Dive Brief:
- The Food and Drug Administration a few months ago kicked off a plan for sifting through its large backlog of orphan drug designations. On Tuesday, the agency announced it had completed that task.
- Regulators cleared the backlog, which amounted to roughly 200 requests, on Aug. 28 — nearly a month ahead of the anticipated Sept. 21 deadline, according to a blog post from FDA Commissioner Scott Gottlieb. The initiative fits into broader goals that Gottlieb set when he took control of the agency, namely optimizing its drug review processes.

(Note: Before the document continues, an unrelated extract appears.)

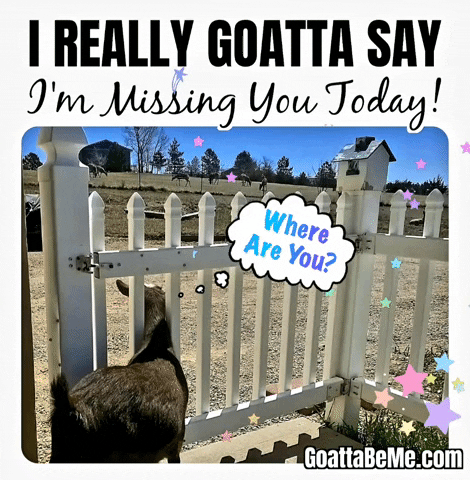 Missing U I Miss You GIF by Goatta Be Me Goats! Adventures of Pumpkin, Cookie and Java!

- Gottlieb also unveiled new measures for preventing requests from piling up in the future. They included a revamped workflow for reviewers to curb inefficiencies, as well as an upcoming public meeting that will help the FDA evaluate how it grants orphan drug designations and whether those procedures align with the aims of the Orphan Drug Act (ODA).
Dive Insight:
Rare disease drug development has revved up in recent years, bringing with it more orphan drug designation requests to the FDA. The requests have increased steadily over the last five years, hitting a record high in 2016 when the agency received nearly 570 of them.
The uptick is due to several factors. Drugmakers often claim that it stems from the pharmaceutical industry's dedication to patient populations with high unmet medical needs. But opponents argue that the real incentives lie with the high price tags that companies can stick on their rare disease products or the medley of tax and exclusivity perks granted to those products through the ODA.
Gottlieb, since taking helm at the FDA, has made reforming orphan drug review processes one of his central focuses. And so far, that focus has manifested in the Orphan Drug Modernization Plan. Established in late June, the plan sought to accomplish two goals: addressing the backlog of orphan drug designation requests and ensuring the agency responds to all new requests within 90 days of receipt.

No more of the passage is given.